# New to FreeBSD, is this possible



## smee204 (Jun 20, 2011)

Hi I am new to FreeBSD and am building my first home server. I have a few questions as I am not sure if FreeBSD is suitable for me. 

I am building a server to do the following:
- store and backup my documents, photos, music, tv, etc. 
- pvr functionality (maybe mythtv or tvheadend)
- possibly replace my router and firewall
- potentially small website host in future

Is FreeBSD the best OS for this? 

I was planning to use FreeBSD mainly because of the ZFS file-system and I want the ability to add extra hard drives when ever I want. 

I currently have a linksys router running dd-wrt and wondered would it be better to get rid of this and use the server as a firewall and dhcp server etc? Would this be beneficial or am I best sticking with the router?

I was thinking the best option might be to run FreeBSD as my host OS for the ZFS and firewall functionality and run MythBuntu in a virtual machine for the pvr functionality. Is this the best way?

My hardware specification is a i3 2100, 4GB ram and 2x2TB & 2x1TB of harddrives.

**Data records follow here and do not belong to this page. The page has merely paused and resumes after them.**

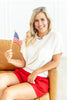 Smiles on Repeat Dolman Top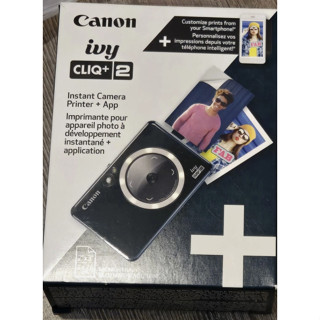 【隔日配】佳能 Canon ivy CLIQ+ 2 相印機 cv-123 拍立得 免墨水 自拍 zink 0520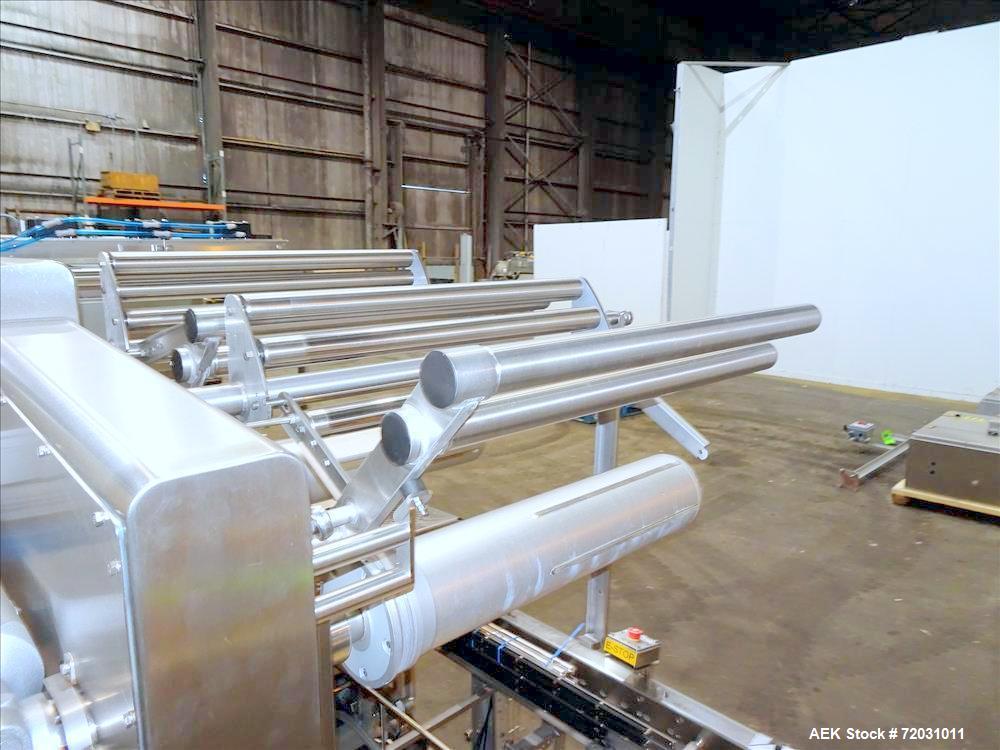 Used Multivac Model R535 Horizontal Form Fill and Seal Thermoformer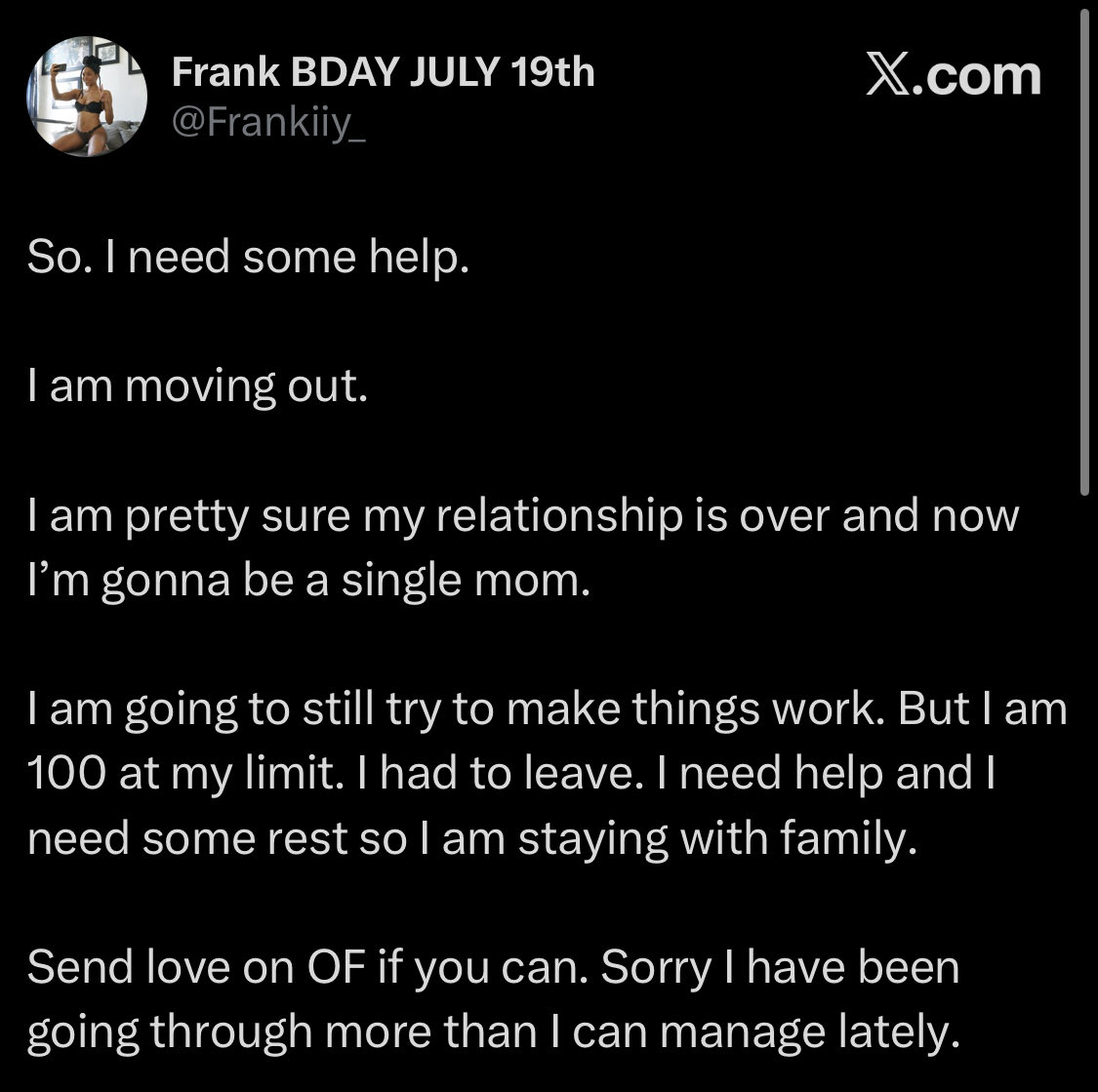 ItsOkToLaugh973's tweet photo. @Frankiiy_ @hairbusiness That white man you had a child with threw you away https://t.co/ZMB6DSeAsf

Thanks for any help. I hope this is posted in the correct place!


----------



## fonz (Jun 20, 2011)

smee204 said:
			
		

> - store and backup my documents, photos, music, tv, etc.
> - pvr functionality (maybe mythtv or tvheadend)
> - possibly replace my router and firewall
> - potentially small website host in future
> ...


FreeBSD can do all of that (although I personally haven't tried the TV thing yet). Whether it's the best choice probably depends on whom you ask 

Fonz


----------



## UNIXgod (Jun 20, 2011)

smee204 said:
			
		

> I currently have a linksys router running dd-wrt and wondered would it be better to get rid of this and use the server as a firewall and dhcp server etc? Would this be beneficial or am I best sticking with the router?
> 
> I was thinking the best option might be to run FreeBSD as my host OS for the ZFS and firewall functionality and run MythBuntu in a virtual machine for the pvr functionality. Is this the best way?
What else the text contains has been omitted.